### [Problem details]
If an entry below holds a picture, skip the picture and copy everything else exactly.

### [Provided material]
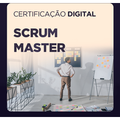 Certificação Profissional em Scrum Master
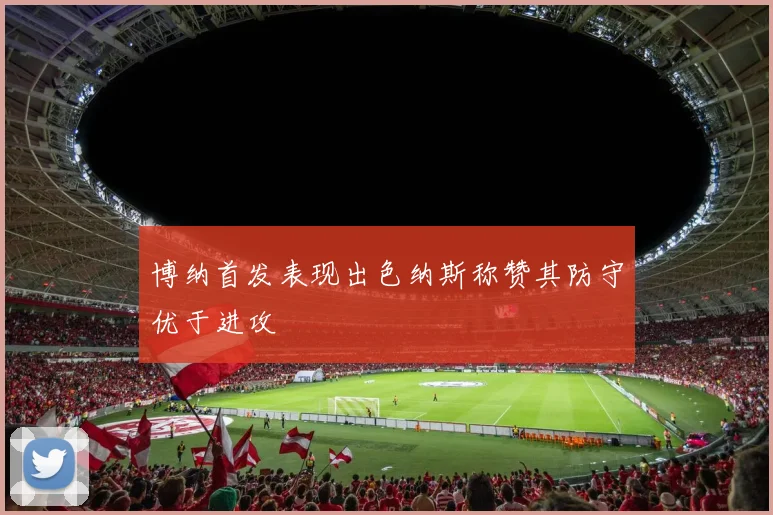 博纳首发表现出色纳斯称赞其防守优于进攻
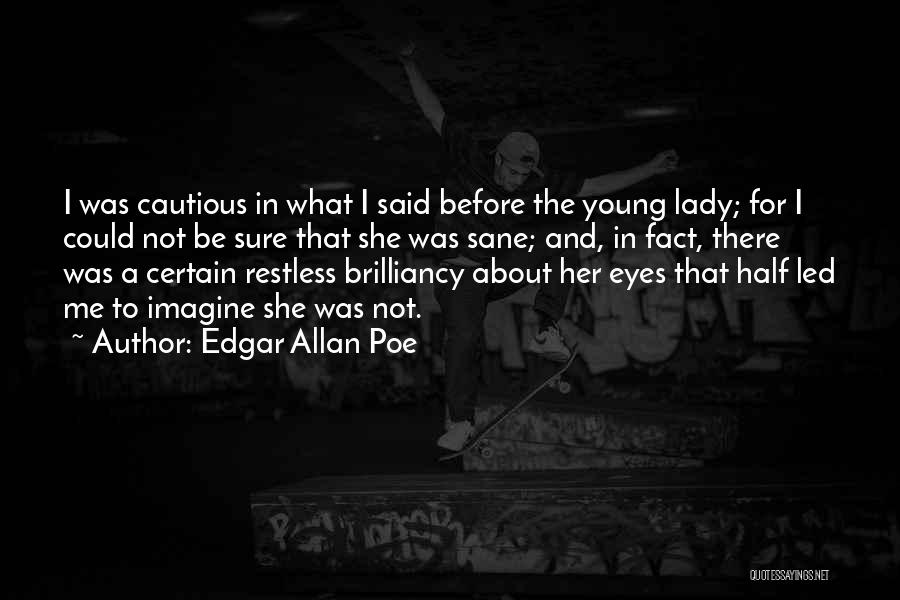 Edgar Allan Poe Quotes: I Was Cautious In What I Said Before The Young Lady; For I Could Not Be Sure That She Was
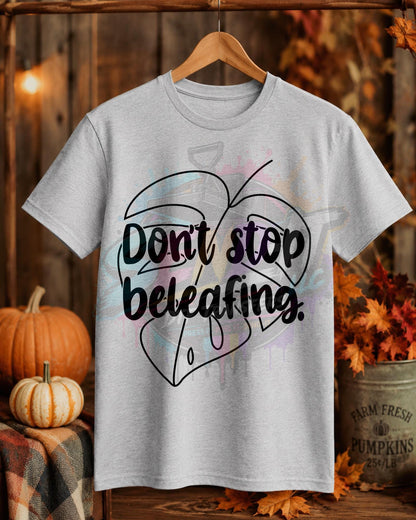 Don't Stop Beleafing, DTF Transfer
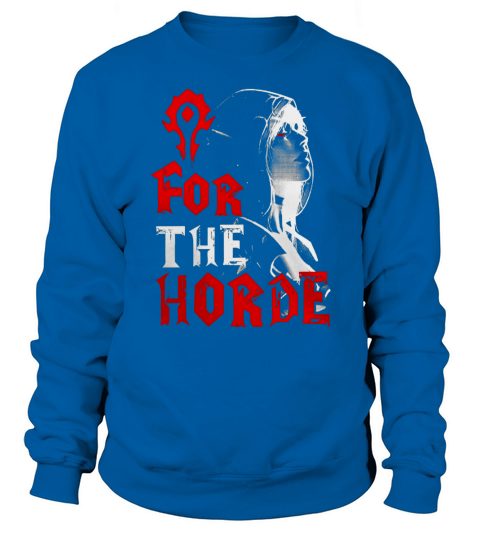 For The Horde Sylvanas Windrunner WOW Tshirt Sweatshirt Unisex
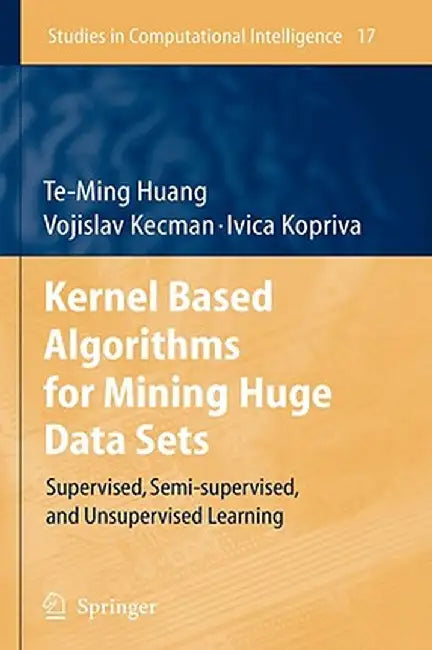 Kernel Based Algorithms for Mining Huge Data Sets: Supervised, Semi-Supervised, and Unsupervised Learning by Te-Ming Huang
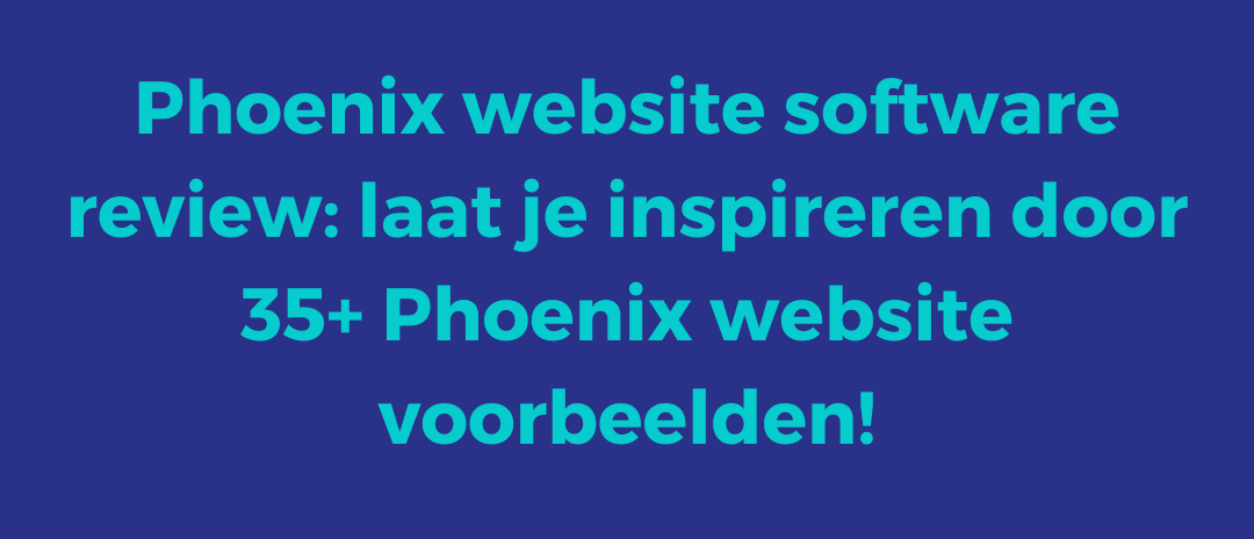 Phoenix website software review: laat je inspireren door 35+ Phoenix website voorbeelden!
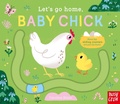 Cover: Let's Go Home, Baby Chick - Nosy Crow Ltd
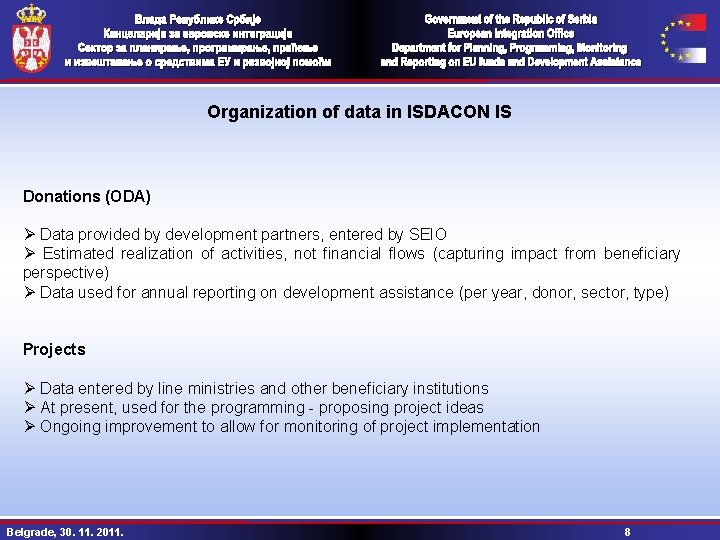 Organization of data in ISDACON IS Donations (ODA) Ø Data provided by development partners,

### [Solution below]
 Certificação Profissional em Scrum Master
 博纳首发表现出色纳斯称赞其防守优于进攻
 Edgar Allan Poe Quotes: I Was Cautious In What I Said Before The Young Lady; For I Could Not Be Sure That She Was
 Don't Stop Beleafing, DTF Transfer
 For The Horde Sylvanas Windrunner WOW Tshirt Sweatshirt Unisex
 Kernel Based Algorithms for Mining Huge Data Sets: Supervised, Semi-Supervised, and Unsupervised Learning by Te-Ming Huang
 Phoenix website software review: laat je inspireren door 35+ Phoenix website voorbeelden!
 Cover: Let's Go Home, Baby Chick - Nosy Crow Ltd
 Organization of data in ISDACON IS Donations (ODA) Ø Data provided by development partners,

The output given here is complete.